When pro-economic liberalization economists and even some top industrialists start clamouring and demanding from the Union Government to put economic reforms back on track to arrest the economic slowdown, perhaps it is time to take a serious note of their view-points.
In 1991, the economic reforms were initiated by then Finance Minister Dr. Manmohan Singh towards greater economic liberalization and globalization of Indian Economy. At that time, our Indian Economy had a saving-model, wherein Savings used to provide capital to fuel our Investments. But in 2011, our country’s economy has moved away from the Saving model of the past; now not only to maintain our position as one of fastest growing economy of the world but to increase our economic growth rate, we do need infusion of Foreign-Capital to fund Investments. There is no doubt about that.
What do detractors of FDI in Multi-Brand Retail Trade Bill say?
These detractors say that the Indian Retail Sector is worth about U.S. Dollar ($) 400 billion, consisting of 1.2 shops which employ 4.4 crore. On the other hand retail giant Walmart turnover in U.S.A. is also around US Dollar 400 billion but it employs only 21 lakh people. So even in the developed countries, these foreign retail giants have not been able to generate employment as it has been promised.
Besides, quoting UNCTAD survey report, these critics say that only high level of subsidies (over $ 100 billion) in United States of America (U.S.A.) are sustaining their agriculture sector. In Europe, very large numbers of farmers are moving away from agriculture. Then how can they generate employment in India or help the Indian farmers?
The timing of decision is also being questioned, when U.S. and European economies are experiencing slowdown and thereby these foreign retail giants are finding it difficult to sell their products in their own countries. Therefore the large consumer market of India is too lucrative for them to be ignored for much longer.

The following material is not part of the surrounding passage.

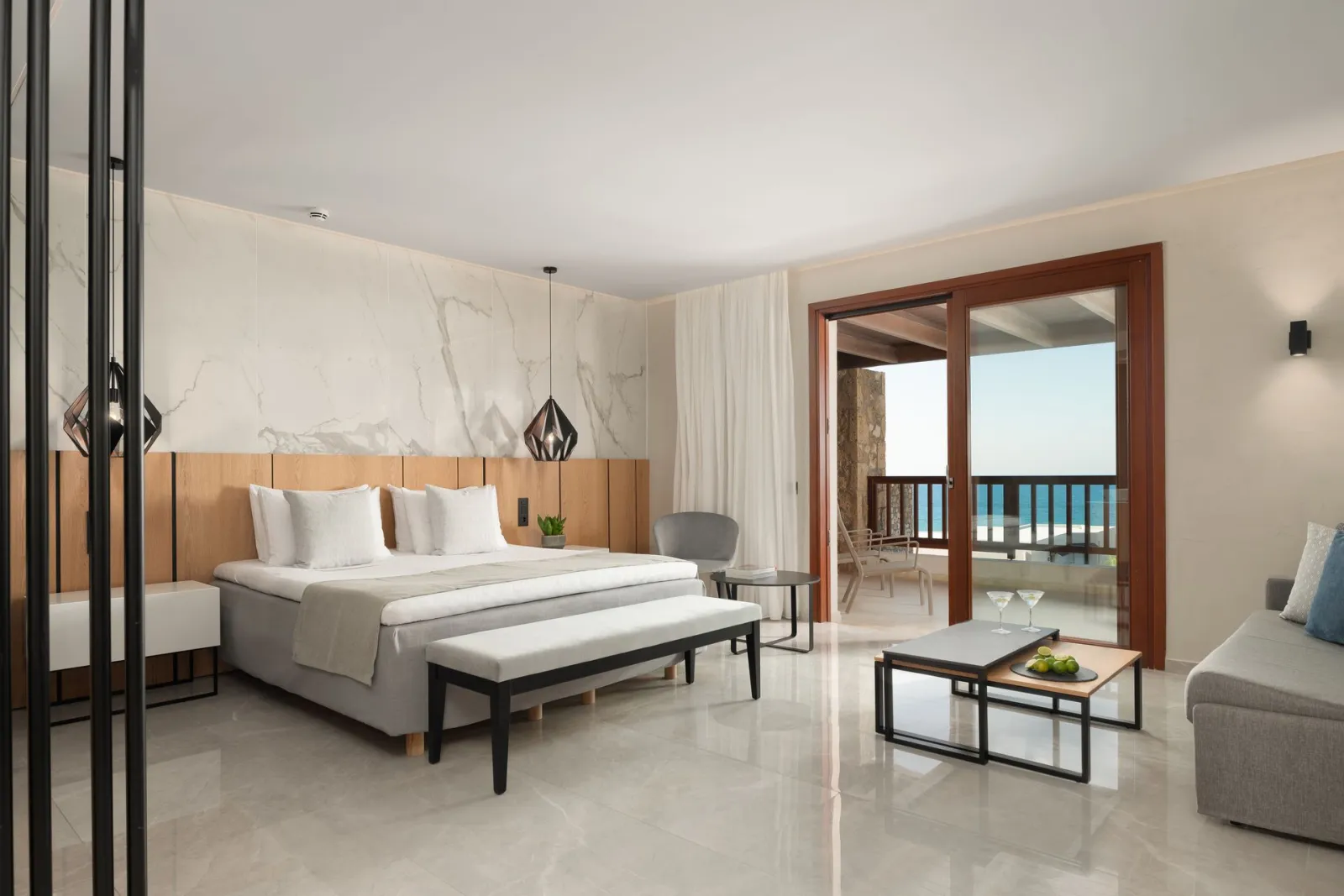 Ikaros Beach Luxury Resort & Spa Adults Only, Iraklion, Grčka — BUNGALOW DELUXE SEA VIEW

And the debate rages on the move to allow FDI in retail trade in India.
What is the present scenario in Agriculture Produces’ Retail Business?
Let us first take the look into the retailing of Agriculture Produces in our Jharkhand state. For instance, in Ranchi to procure vegetables for selling in Ranchi or in Kolkotta or any other place; the middlemen visit neighbouring vegetable producing areas like – Kanke, Ratu, Bero, Brambe, Mandar, Chanho, Ormanjhi, Silli, etc. These middlemen (in many places they are called Aarath-khor or Aartiya or Dalaal) purchase vegetables (perishable items) at lower prices from the farmers, using all kinds of tactics including strong-arms tactics. Then they bring vegetables to Ranchi (its Daily Market) and sell these vegetables at much higher prices to the vegetable sellers, who again add their profit-margin to fix the minimum or floor prices that shall be charged from the final consumers. It is apparent that the biggest beneficiary in this whole transaction, these middlemen corner major portions of the profits.